Pictures in the data should be dropped; transcribe exactly the lines from the one that has "S A R A online show from March 6, 3:02 pm" through the one that has "2024 Volkswagen Atlas".

- **THE RECORDS**
- Opening Delimiter -

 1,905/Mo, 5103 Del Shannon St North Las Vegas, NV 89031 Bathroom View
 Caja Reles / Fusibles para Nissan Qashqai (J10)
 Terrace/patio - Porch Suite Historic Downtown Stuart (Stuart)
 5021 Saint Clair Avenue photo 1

- Closing Delimiter -
- Opening Delimiter -

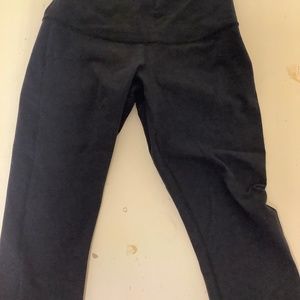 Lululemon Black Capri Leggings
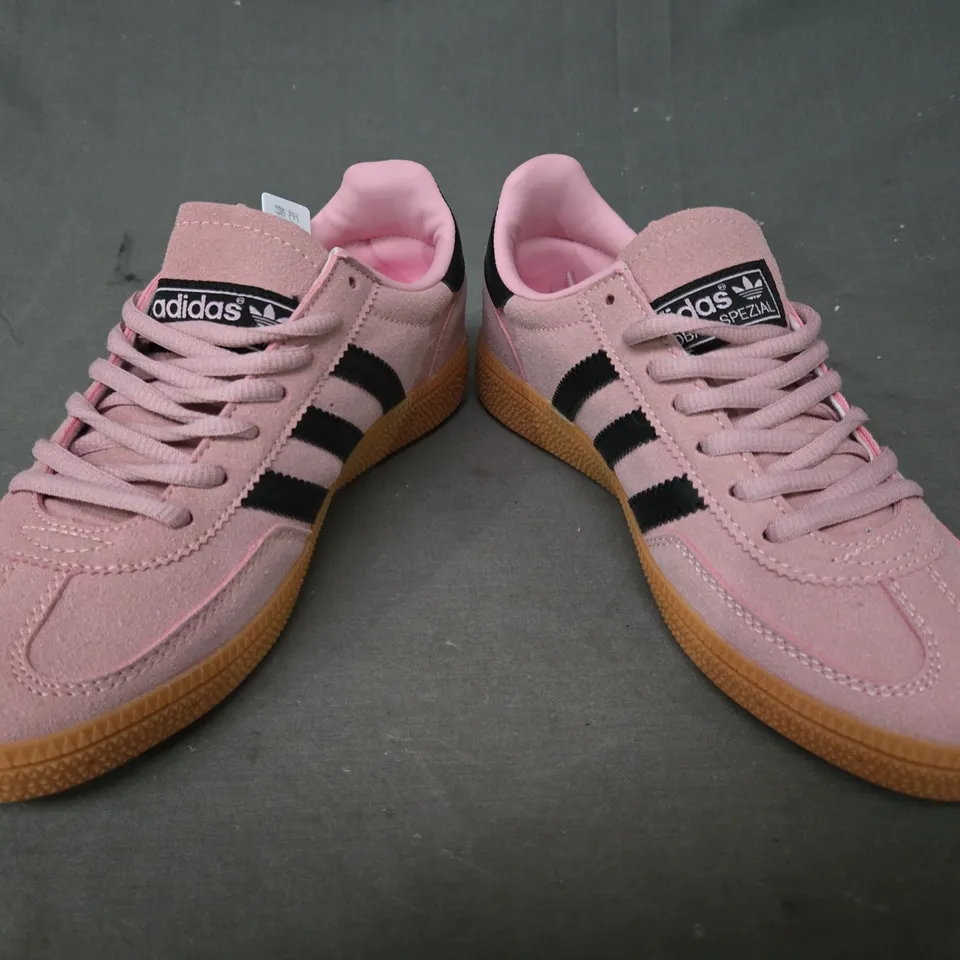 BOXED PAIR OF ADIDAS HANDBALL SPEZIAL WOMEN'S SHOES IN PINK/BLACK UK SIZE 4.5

- Closing Delimiter -
- Opening Delimiter -

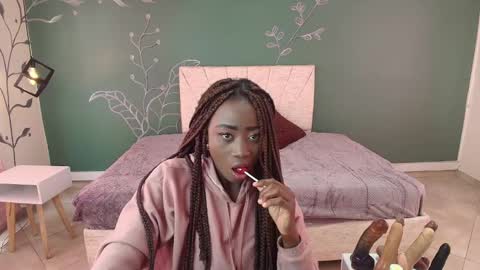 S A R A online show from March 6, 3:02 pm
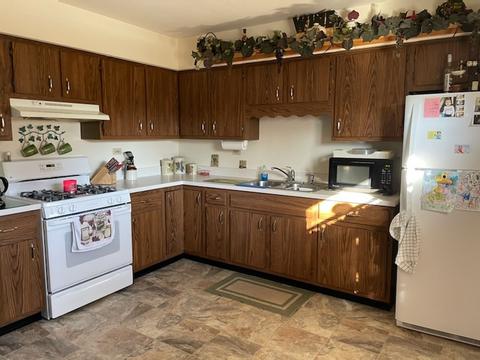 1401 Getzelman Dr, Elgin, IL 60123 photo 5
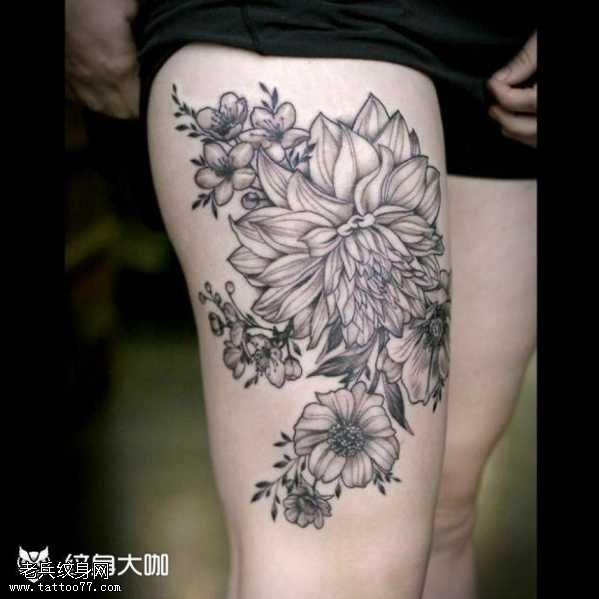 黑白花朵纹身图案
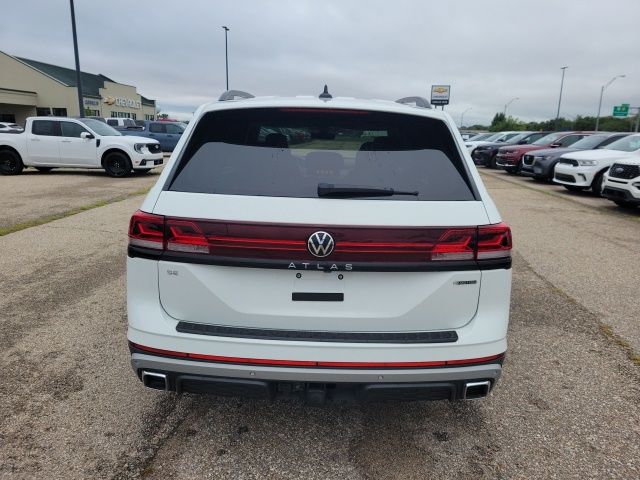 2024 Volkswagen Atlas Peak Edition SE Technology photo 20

- Closing Delimiter -

- **SOLUTION TO THIS EXERCISE**
 S A R A online show from March 6, 3:02 pm
 1401 Getzelman Dr, Elgin, IL 60123 photo 5
 黑白花朵纹身图案
 2024 Volkswagen Atlas Peak Edition SE Technology photo 20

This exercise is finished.